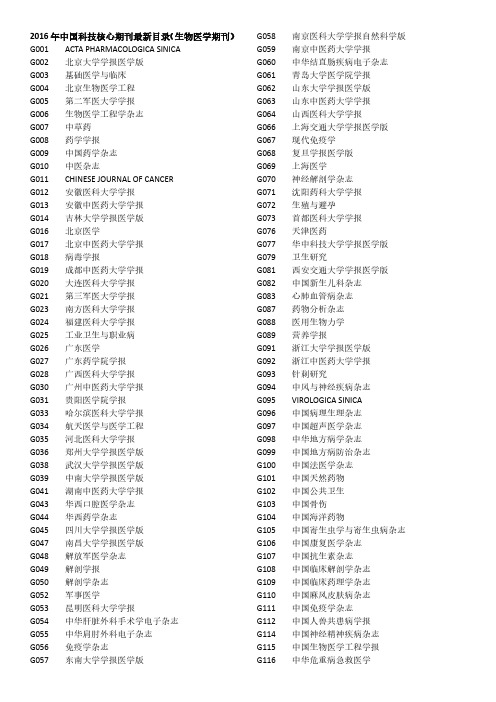 医学科技核心期刊一览表 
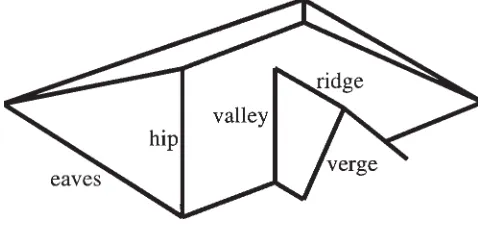 Fig. 1. Roof representation. The drawing shows the normal methodof describing polyhedral roof form used by architects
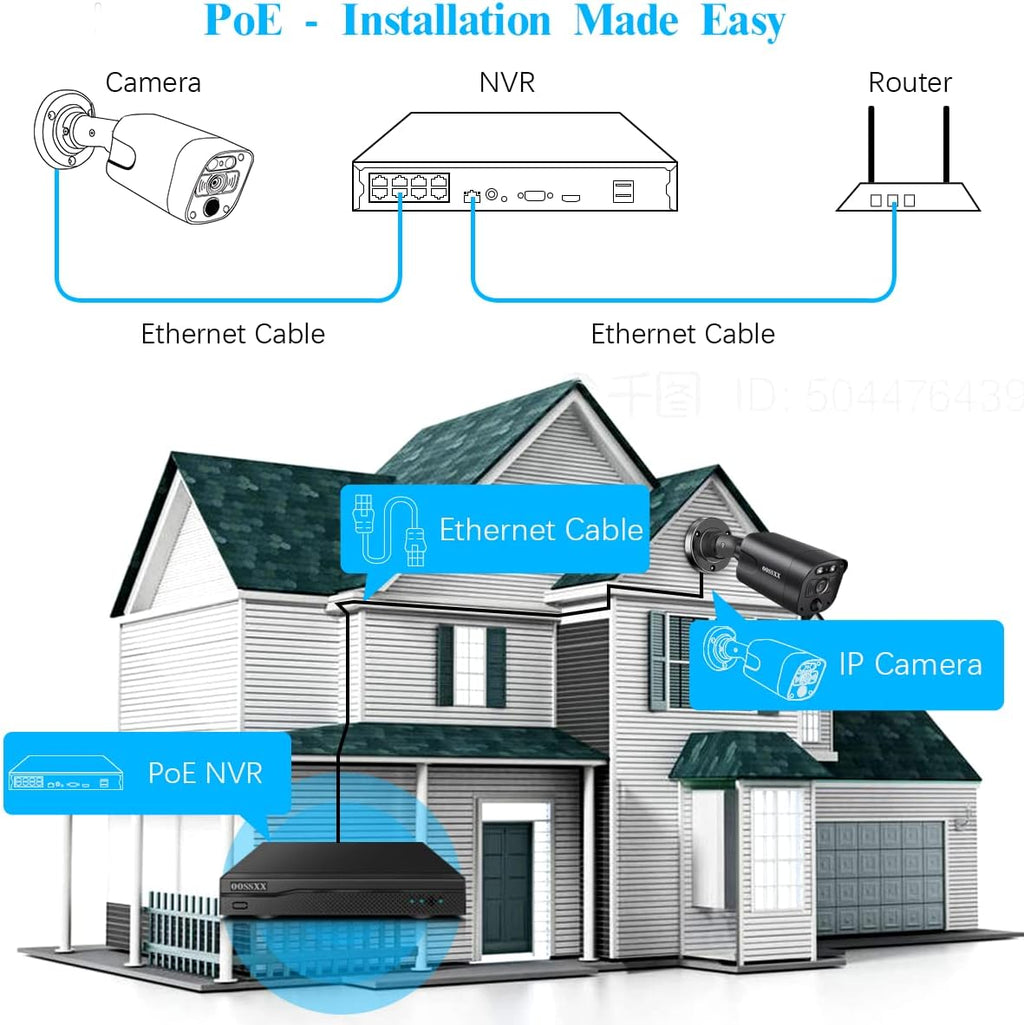 4K/8.0 Megapixel & 130° Ultra Wide-Angle 2-Way Audio PoE Outdoor Home Security Camera System Wired Outdoor Video Surveillance IP Cameras System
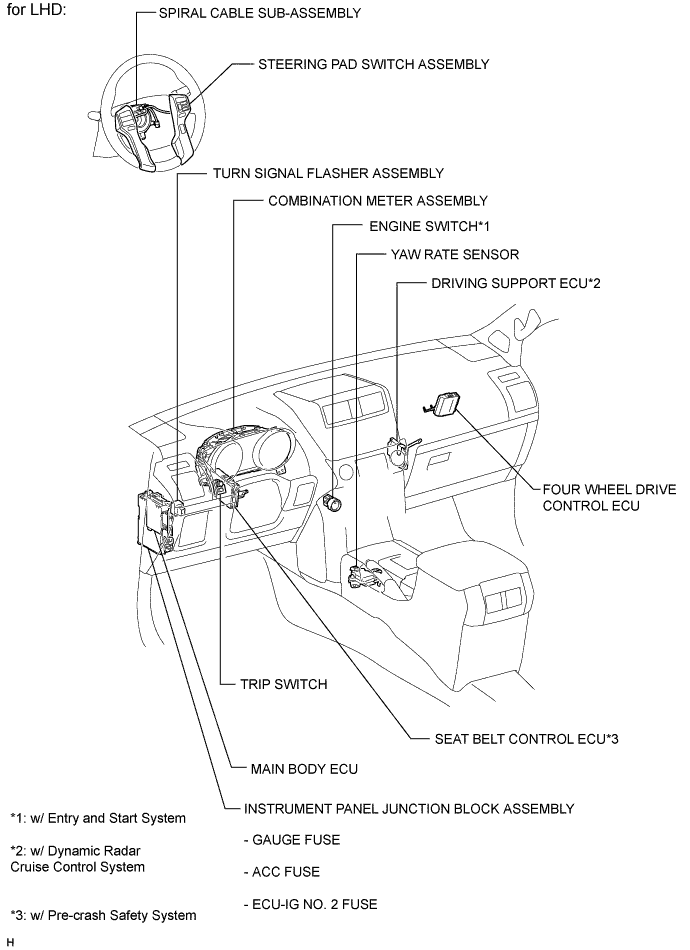 A01DOMPE01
****
Brief —
Excluding the images, copy all of the material above verbatim.

Answer to this problem —
 医学科技核心期刊一览表 
 Fig. 1. Roof representation. The drawing shows the normal methodof describing polyhedral roof form used by architects
 4K/8.0 Megapixel & 130° Ultra Wide-Angle 2-Way Audio PoE Outdoor Home Security Camera System Wired Outdoor Video Surveillance IP Cameras System
 A01DOMPE01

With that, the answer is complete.